Stored data entries
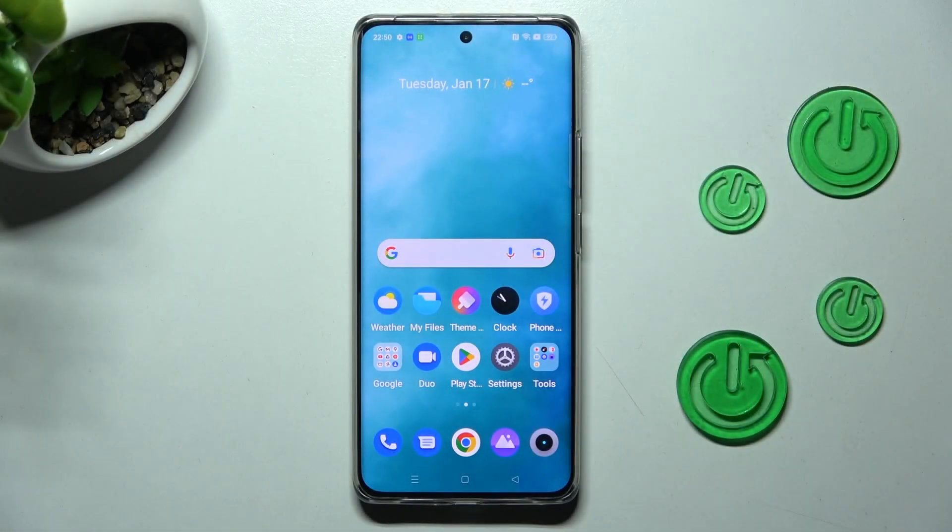Hi, in front of me is the Realme 10 Pro Plus and today I would like to show you how you can connect it to a printer.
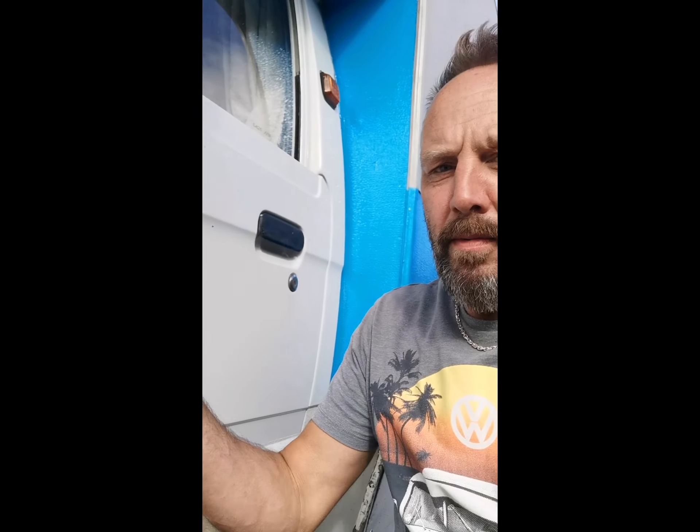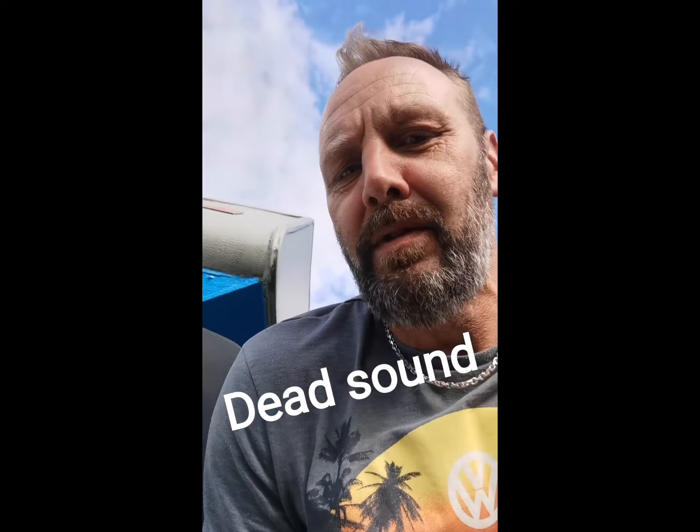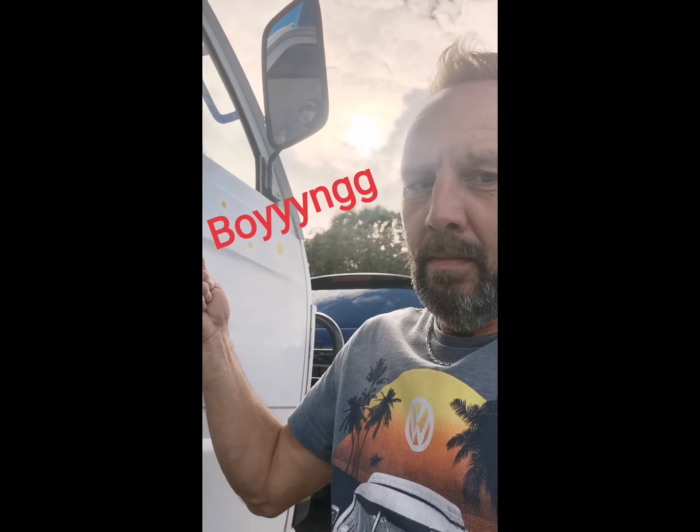Basically, anywhere that vibrates and echoes I'm deadening. I'll show you the difference — I've done the passenger one, I haven't done the driver's one. The passenger door now has quite a dead sound, no echoing. But if you look at the driver's door that I haven't done, it's very echoing. So basically it's taking the skins off and filling them with foam wherever there's echo.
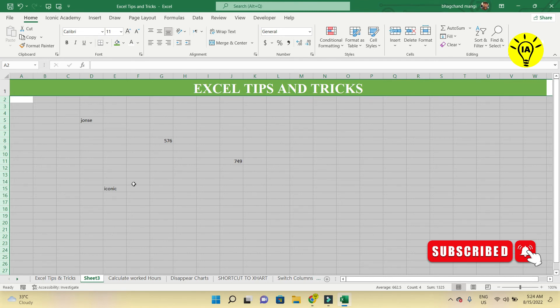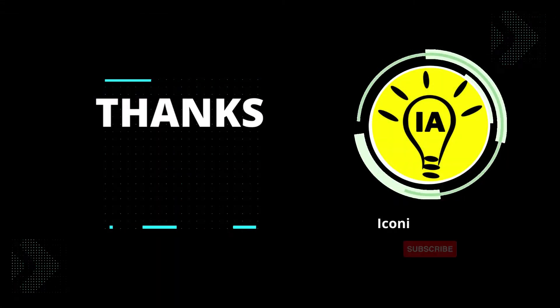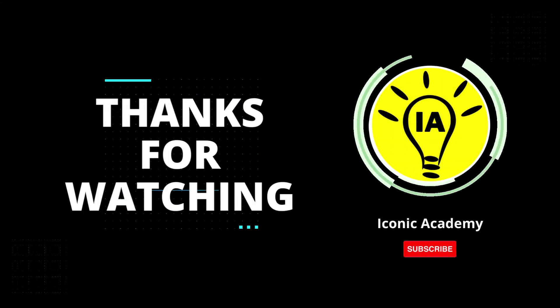Join for more entertaining Excel pranks content. Thanks for watching — subscribe for more videos and hit the bell icon.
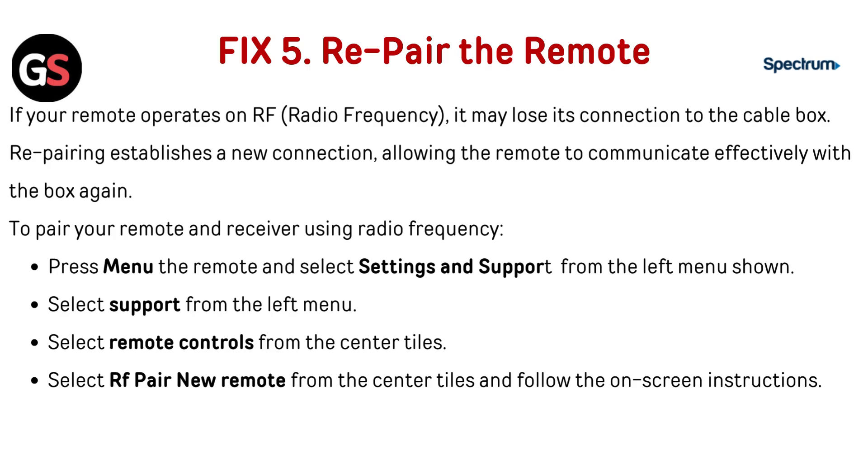Fix 5: Repair the remote. If your remote operates on RF (radio frequency), it may lose its connection to the cable box. Repairing establishes a new connection, allowing the remote to communicate effectively with the box again. To pair your remote using radio frequency, press Menu on the remote and select Settings and Support from the left menu. Select Support from the left menu, then select Remote Controls from the center tiles. Select RF Pair New Remote from the center tiles and follow the on-screen instructions.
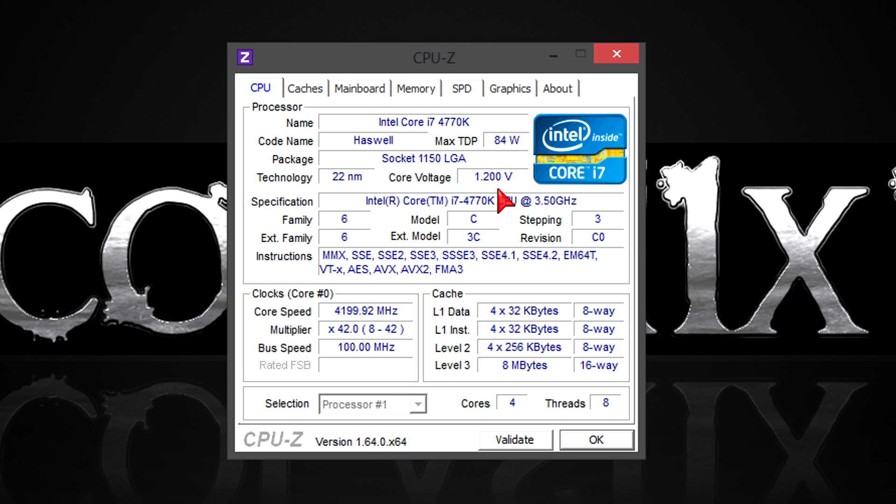My chip here needs 1.2V for 4.2GHz. I could have gone higher, but the temperatures unfortunately didn't allow that. Of course, the required voltage and the temperatures differ from chip to chip — keep that in mind. But enough talking now, let's take a look at the benchmarks to see how much performance can be squeezed out of this i7-4770K.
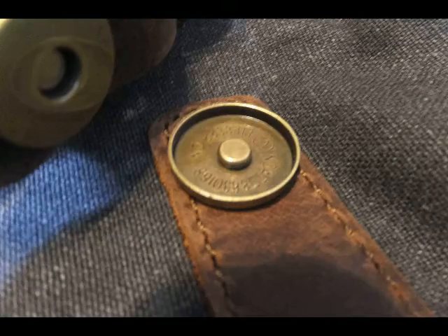One thing I do like is the snaps for the case cover — these are all metal magnet assist snaps.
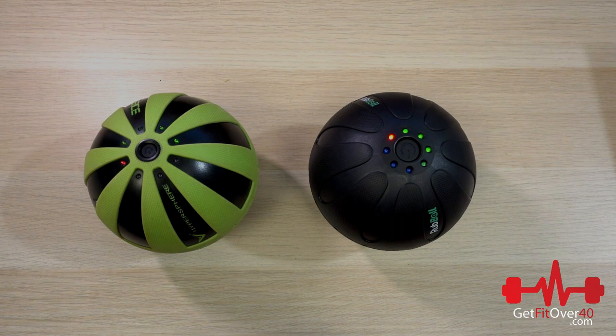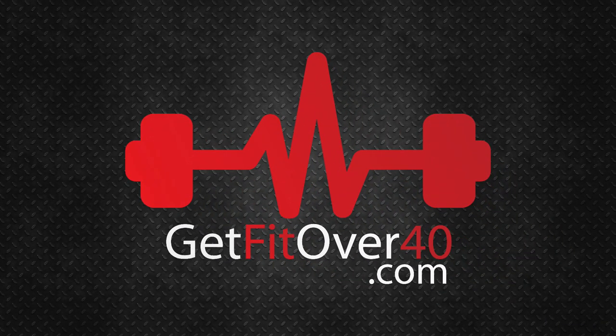There's my comparison unboxing review of the Hyperice Hypersphere versus the Rub Ball. I'll put links in the description if you're interested in buying either of these products — you can buy them directly from the company websites or places like Amazon and other retail outlets. Thanks for watching another GetFitOver40.com video. Don't forget to subscribe and check me out on Facebook, Twitter, and Instagram. Until next time, take care.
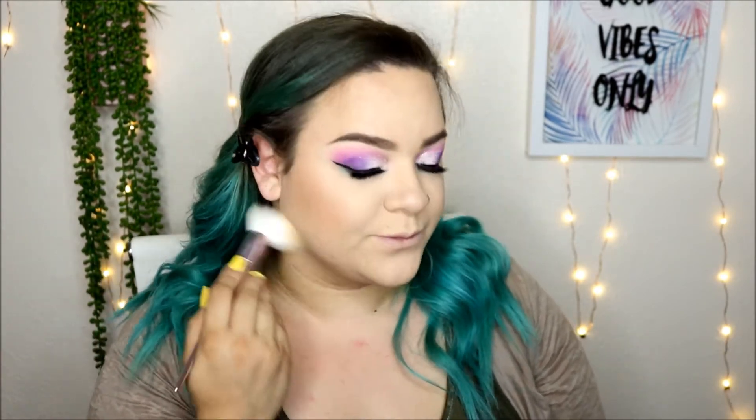I'm going to take this ashy shade to contour my nose, and then I'm going to take my Hoola bronzer — this is the original one. I've been stuck on the Hoola Lite and I really like that one, but now that it's summer I'll probably reach for this one a lot more.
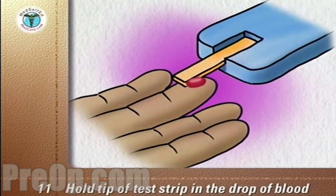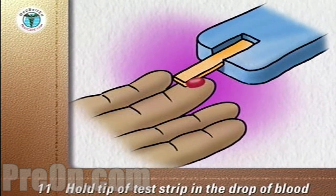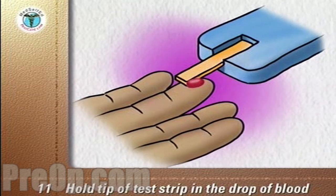Hold the tip of the test strip in the drop of blood until the meter tells you the test strip is filled, usually by beeping. Remove the test strip from the blood.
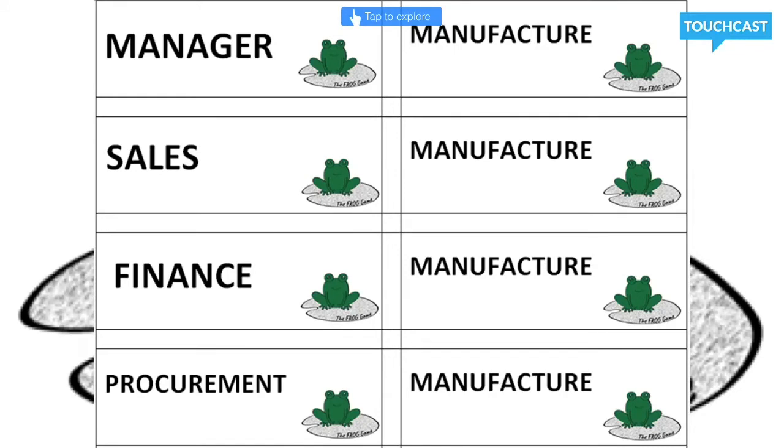Procurement will buy all the raw materials from the suppliers. Sales will sell the frogs to the buyers, and finance will pay your bills to the bank, make financial recommendations and update the team finance sheet.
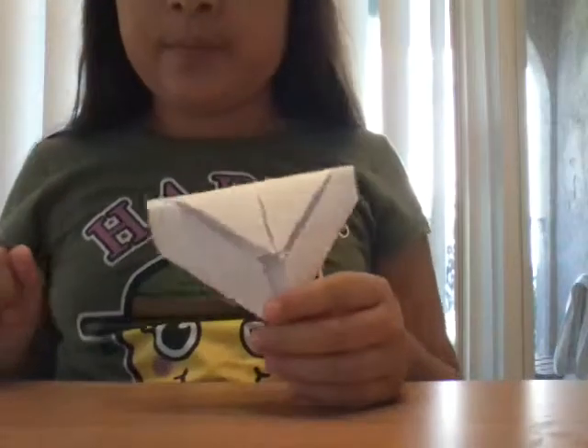And it's a heart. You can even color it too. Thank you, and have a nice day.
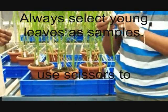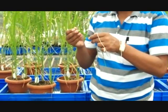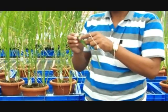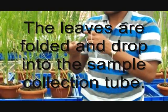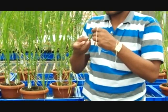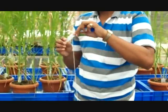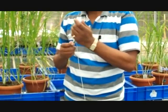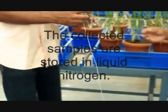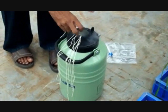Always select young leaves as a sample. Use scissors to cut the samples. The leaves are folded and dropped into the sample collection tube. The collected samples are then stored in liquid nitrogen.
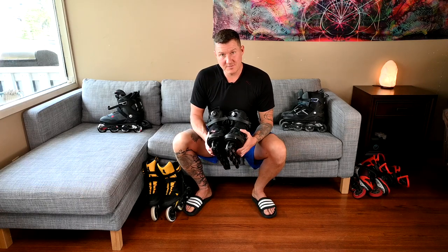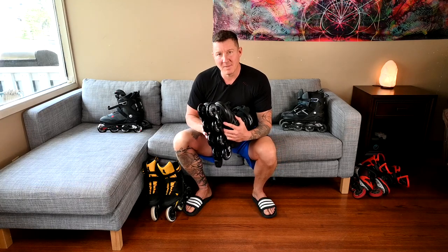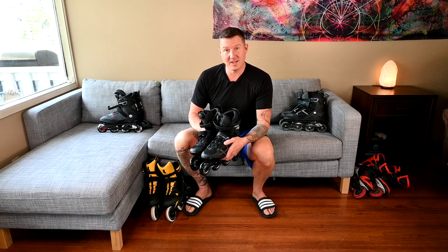If you're trying to decide between the K2 Fit 84 BOA and the Fit 80 BOA for 50 bucks, you'd be out of your mind not to upgrade to the Fit 84 BOA. This is a review of the K2 Fit 84 BOA.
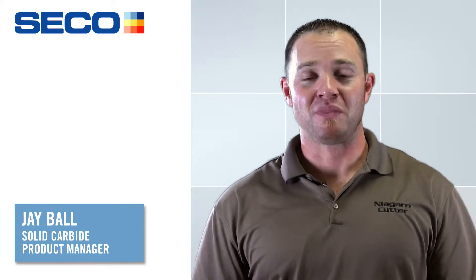Hello again everyone. I'm Jay Ball, Product Manager with Seco Solid Carbide. A lot of you that know me know that I'm a hard milling guy. Mold and dies is kind of my niche — I've been working in it for a long time.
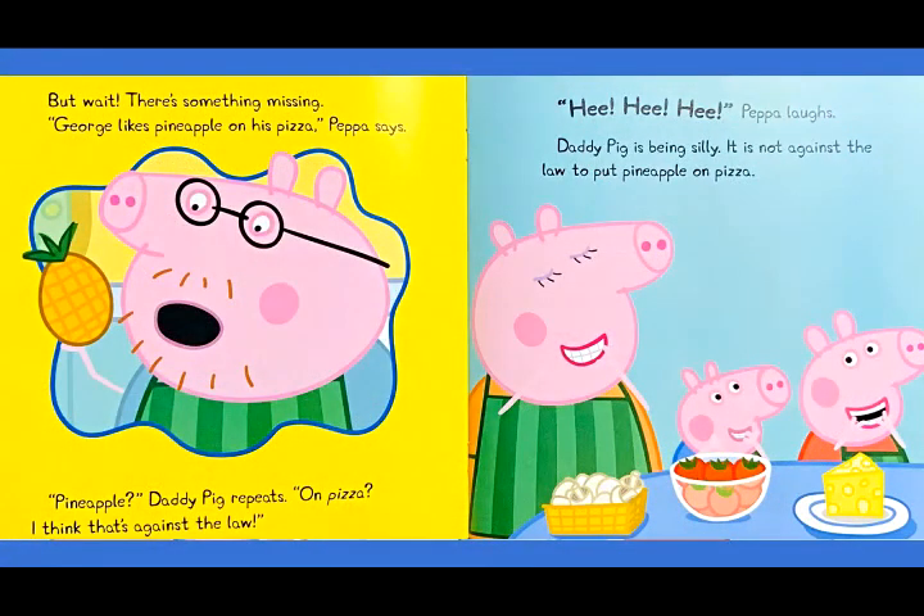But wait, there's something missing. George likes pineapple on his pizza, Peppa says. Pineapple, Daddy Pig repeats. On pizza? I think that's against the law. Peppa laughs. Daddy Pig is being silly. It is not against the law to put pineapple on pizza.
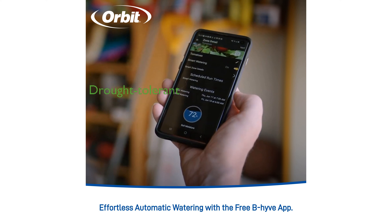Designed to be drought-tolerant, the XD automatically adjusts watering based on local drought levels, ensuring your plants receive the perfect amount of hydration.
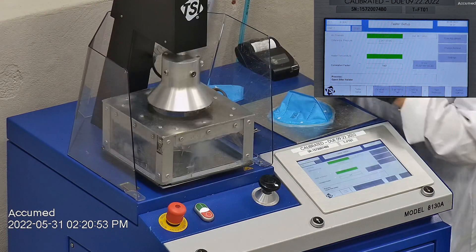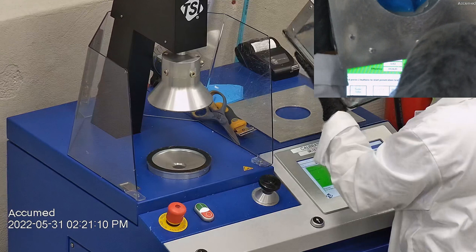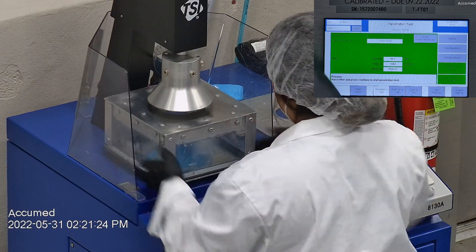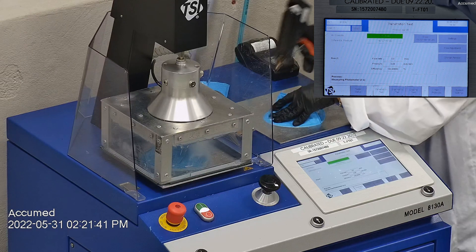The results are displayed on the TSI monitor. F stands for air flow rate, which we test at 85 liters per minute. R is for resistance, also referred to as pressure drop — this correlates with the breathability, so the lower the number, the more comfortable and breathable the mask is. E stands for filtration efficiency percentage.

[What the task asks] Above are records to transcribe exactly; leave their pictures out.

[Exercise result]
Hi, in front of me is the Realme 10 Pro Plus and today I would like to show you how you can connect it to a printer.
Basically, anywhere that vibrates and echoes I'm deadening. I'll show you the difference — I've done the passenger one, I haven't done the driver's one. The passenger door now has quite a dead sound, no echoing. But if you look at the driver's door that I haven't done, it's very echoing. So basically it's taking the skins off and filling them with foam wherever there's echo.
Join for more entertaining Excel pranks content. Thanks for watching — subscribe for more videos and hit the bell icon.
Fix 5: Repair the remote. If your remote operates on RF (radio frequency), it may lose its connection to the cable box. Repairing establishes a new connection, allowing the remote to communicate effectively with the box again. To pair your remote using radio frequency, press Menu on the remote and select Settings and Support from the left menu. Select Support from the left menu, then select Remote Controls from the center tiles. Select RF Pair New Remote from the center tiles and follow the on-screen instructions.
My chip here needs 1.2V for 4.2GHz. I could have gone higher, but the temperatures unfortunately didn't allow that. Of course, the required voltage and the temperatures differ from chip to chip — keep that in mind. But enough talking now, let's take a look at the benchmarks to see how much performance can be squeezed out of this i7-4770K.
One thing I do like is the snaps for the case cover — these are all metal magnet assist snaps.
There's my comparison unboxing review of the Hyperice Hypersphere versus the Rub Ball. I'll put links in the description if you're interested in buying either of these products — you can buy them directly from the company websites or places like Amazon and other retail outlets. Thanks for watching another GetFitOver40.com video. Don't forget to subscribe and check me out on Facebook, Twitter, and Instagram. Until next time, take care.
I'm going to take this ashy shade to contour my nose, and then I'm going to take my Hoola bronzer — this is the original one. I've been stuck on the Hoola Lite and I really like that one, but now that it's summer I'll probably reach for this one a lot more.
Hold the tip of the test strip in the drop of blood until the meter tells you the test strip is filled, usually by beeping. Remove the test strip from the blood.
Procurement will buy all the raw materials from the suppliers. Sales will sell the frogs to the buyers, and finance will pay your bills to the bank, make financial recommendations and update the team finance sheet.
And it's a heart. You can even color it too. Thank you, and have a nice day.
Always select young leaves as a sample. Use scissors to cut the samples. The leaves are folded and dropped into the sample collection tube. The collected samples are then stored in liquid nitrogen.
If you're trying to decide between the K2 Fit 84 BOA and the Fit 80 BOA for 50 bucks, you'd be out of your mind not to upgrade to the Fit 84 BOA. This is a review of the K2 Fit 84 BOA.
Hello again everyone. I'm Jay Ball, Product Manager with Seco Solid Carbide. A lot of you that know me know that I'm a hard milling guy. Mold and dies is kind of my niche — I've been working in it for a long time.
But wait, there's something missing. George likes pineapple on his pizza, Peppa says. Pineapple, Daddy Pig repeats. On pizza? I think that's against the law. Peppa laughs. Daddy Pig is being silly. It is not against the law to put pineapple on pizza.
Designed to be drought-tolerant, the XD automatically adjusts watering based on local drought levels, ensuring your plants receive the perfect amount of hydration.
The results are displayed on the TSI monitor. F stands for air flow rate, which we test at 85 liters per minute. R is for resistance, also referred to as pressure drop — this correlates with the breathability, so the lower the number, the more comfortable and breathable the mask is. E stands for filtration efficiency percentage.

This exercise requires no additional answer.